“I’m talking about your father! There were promises made across this desk! You mustn’t tell me you’ve got people to see — I put 34 years into this firm, Howard, and now I can’t pay my insurance! You can’t eat the orange and throw the peel away — a man is not a piece of fruit.”— Willy Loman, in Arthur Miller’s Death of a Salesman

PROLOGUE

This writing was undertaken in mid-2006 when private equity funds were riding along their upward trajectories, attaining their apogee sometime in mid-2007, when the Blackstone Group succeeded in getting off its initial public offering. It even attracted some billions of dollars of sovereign Chinese wealth funds — with Kohlberg, Kravis, Roberts waiting in the wings to do an encore.

This was a period of time that fully justified the strident reference to the phrase “mania” in the title.

But then came late 2007, with its manifestations of metastases regarding investments in subprimes, structured investment vehicles, collateralized debt obligations, derivatives and other forms of financial instruments that have been allowed to spread throughout our corporate and financial systems without control and certainly without transparency. As a consequence, the private equity acquisitions binge and related mania are now in remission.

The recent torrent of corporate takeovers by the Blackstone Group, KKR and other private equity funds, aided and abetted by hedge funds and other financial institutions, is a source of anxious concern for me.

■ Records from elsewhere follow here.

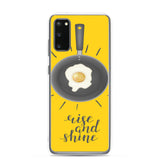 Motivational Samsung Mobile Case "Rise 7 Shine" Inspiring Samsung phone case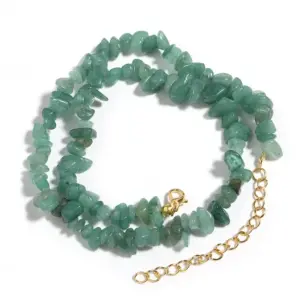 Green Aventurine / 43cm Long Tail Chain 5cm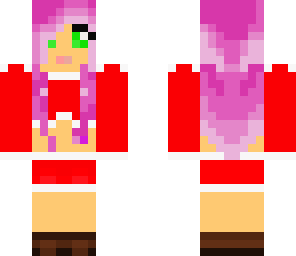 pink haired santa chick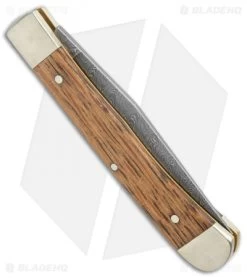 Boker Trapper Asbach Uralt Slip Joint Knife Oak Wood (3.35" Damascus) 8 Boker Trapper Asbach Uralt Slip Joint Knife Oak Wood (3.35" Damascus) -Knives Shop Boker Trapper Asbach Uralt SJ Oak Wood Damascus BHQ 137743 jr side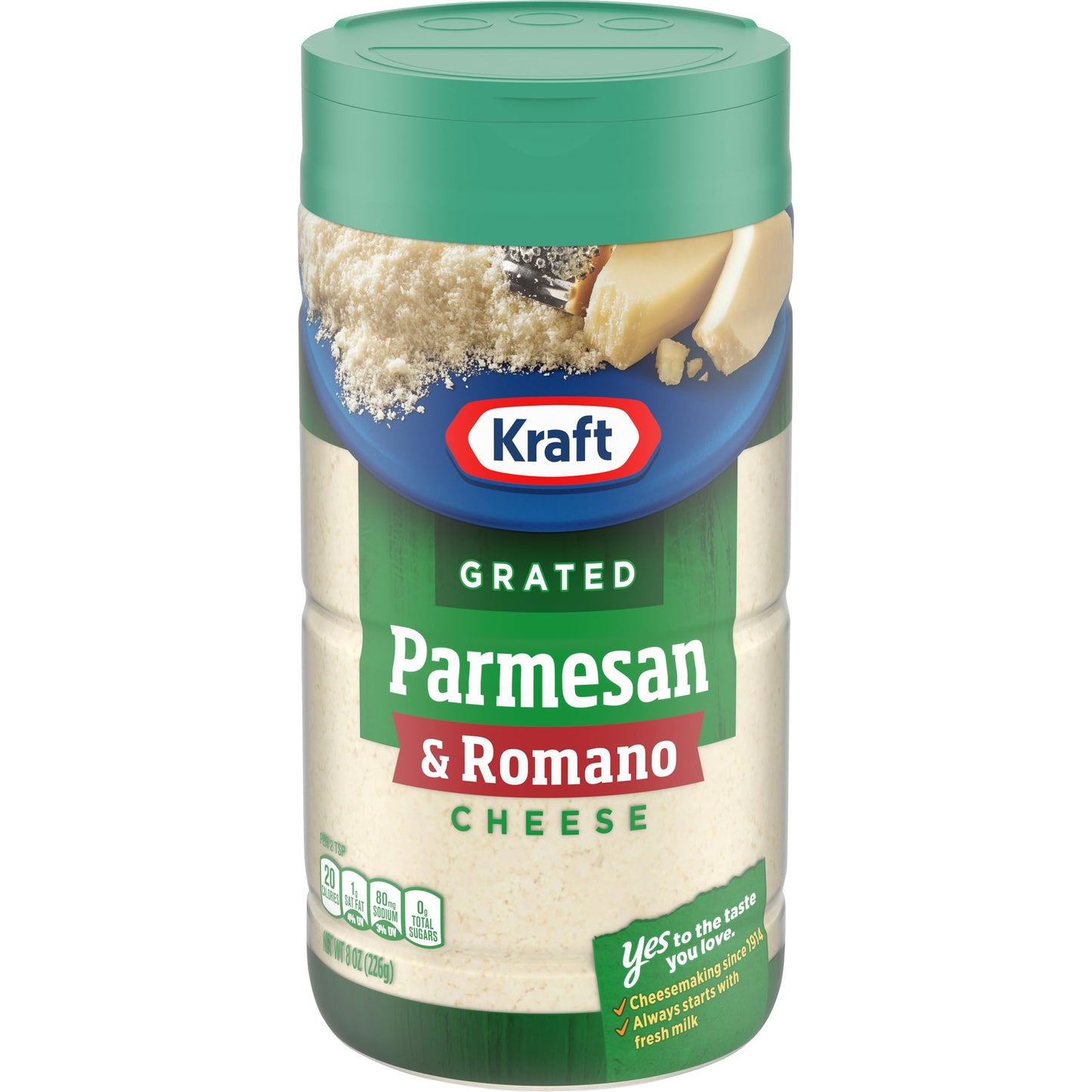 Kraft Grated Parmesan & Romano Cheese Shaker, 8 oz, Pack of 1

This anxiety stems from the fact that, in my view, this current development is inimical to the role of the modern American corporation as the “locomotive” for corporate democracy, or democratic capitalism.

Thus, to the extent that enormous pools of resources are concentrated in fewer hands with narrowing objectives for the utilization of those resources, the corporate objectives, which are informed by their respective charters, and safeguarded by statutes and judicial judgments, are not being fulfilled. And to the extent that the takeover process continues unabated or accelerates, our society will be adversely affected.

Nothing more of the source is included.